At the European Association for the Study of Liver Disease conference in Barcelona, Spain, several companies are vying to be the first to market with an oral hepatitis C drug, the spotlight has been now concentrated on just two: Bristol-Myers Squibb (NYS: BMY) and Gilead Sciences (NAS: GILD) .
In a joint venture, the two drug companies presented results that showed that a treatment regimen consisting of Gilead's GS-7977 and Bristol's daclatasvir given to patients with specific genotypes returned a startling success rate in Phase 2 studies: sustained viral response after four weeks (SVR 4) of 100% for genotype 1 patients, and 91% for genotypes 2 and 3. Gilead's drug is classified as a nucleotide inhibitor, while Bristol's is considered an NS5A replication complex inhibitor. Gilead is also testing GS-7977 with ribavirin, an older hepatitis C treatment drug, which netted an 88% SVR 4 with genotype 1 participants. The company noted that the patients in the latter study had a slightly more difficult treatment profile than in the former.

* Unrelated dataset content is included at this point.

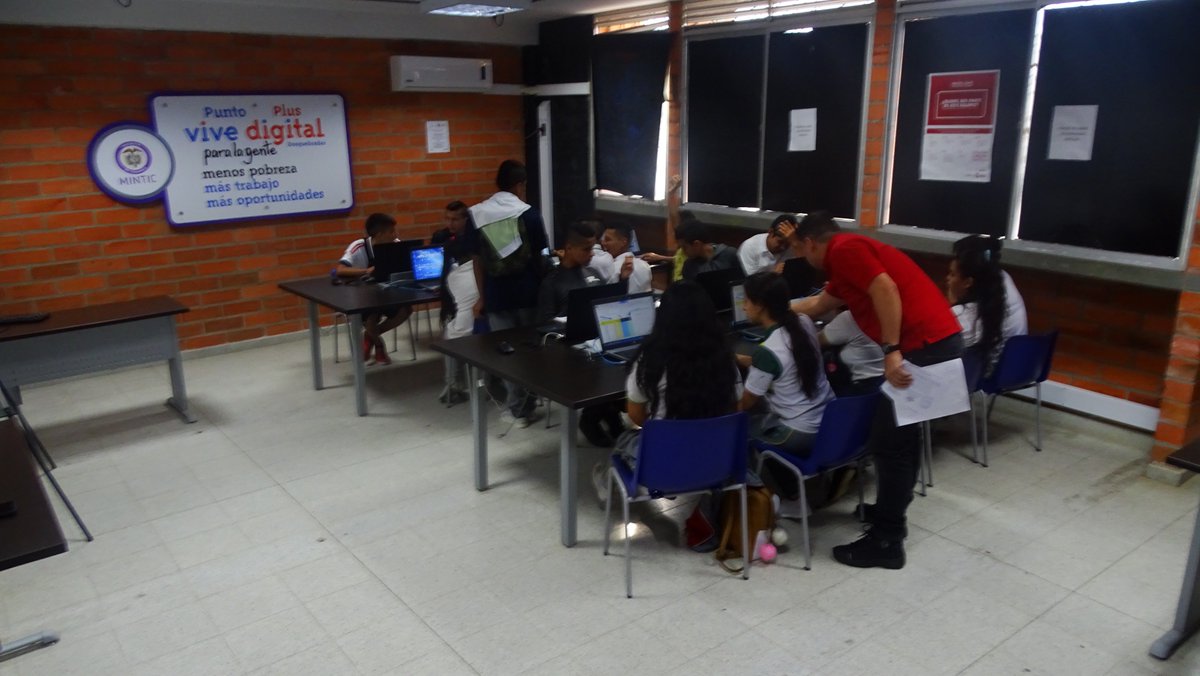 Resultado de imagen para IMAGENES iNSTITUCIÃN EDUCATIVA, fABIO vÃSQUEZ bOTERO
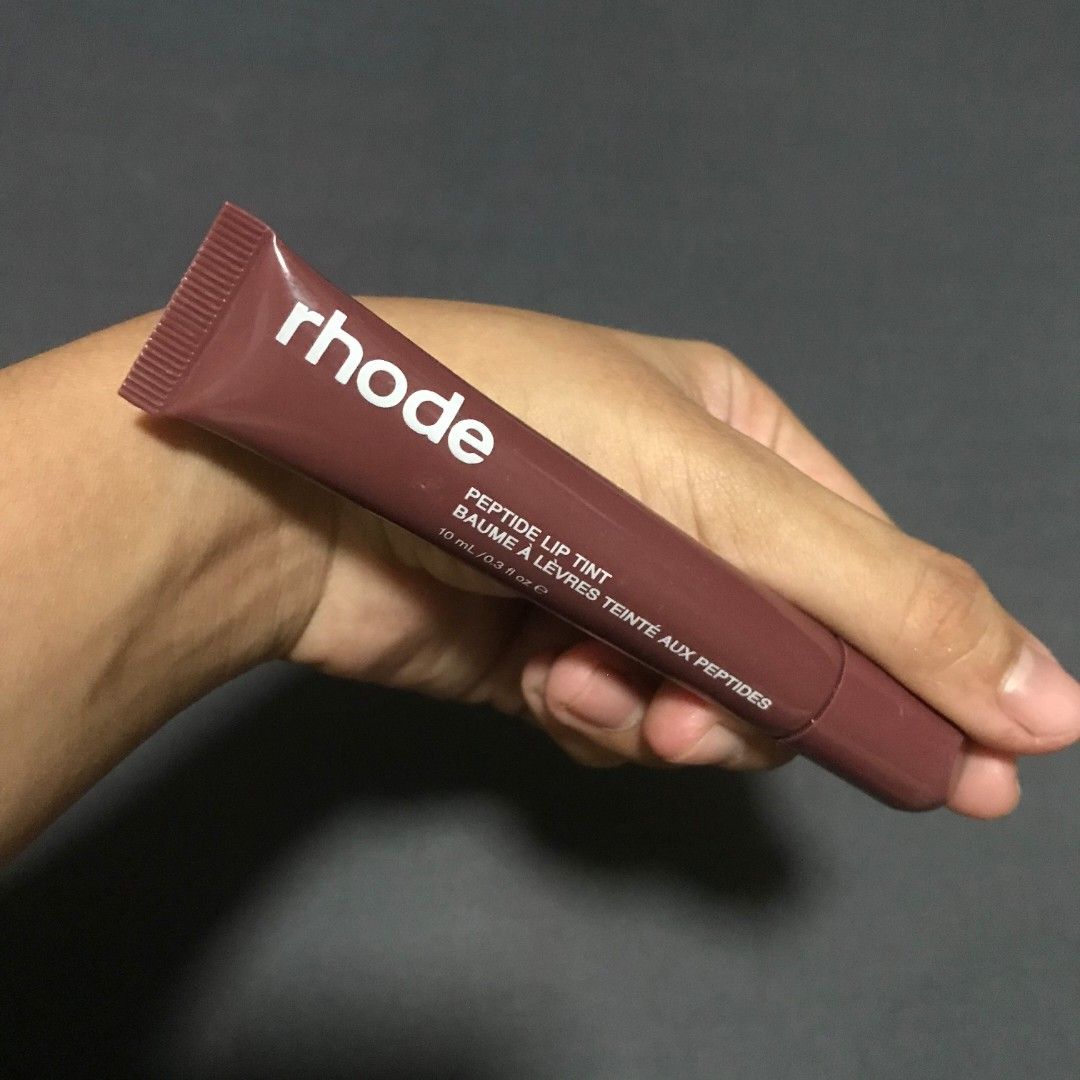 Rhode Lip Peptide in PBJ (Category: Makeup) located in Pasuquin. Submitted by xixiaaa_cc (Listing ID 1467962424, Image 1). Description: ୨ৎ RHODE LIP PEPTIDE — PBJ 🍇🎀 ♡ Shade: PBJ ♡ Condition: Used, approximately 70% product remaining ♡ RFS: Decluttering (not my shade) ୨ৎ PAYMENT METHODS 💸 ♡ GCash ♡ Bank Transfer 📌 Pay as you order! Actual photos posted. DM for inquiries and orders. 💌.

But it wasn't just a two-company show. Abbott Laboratories (NYS: ABT) reported its own hepatitis C findings at the conference, showing off results of its Pilot and Co-Pilot Phase 2 results, delivering an 82% cure rate after 36 weeks and a greater than 90% cure rate after 12 weeks, respectively. Pilot's cocktail consists of its own drugs, ABT-450 and ABT-072 in conjunction with ribavirin, while Co-Pilot was ABT-450, ABT-333, and ribavirin.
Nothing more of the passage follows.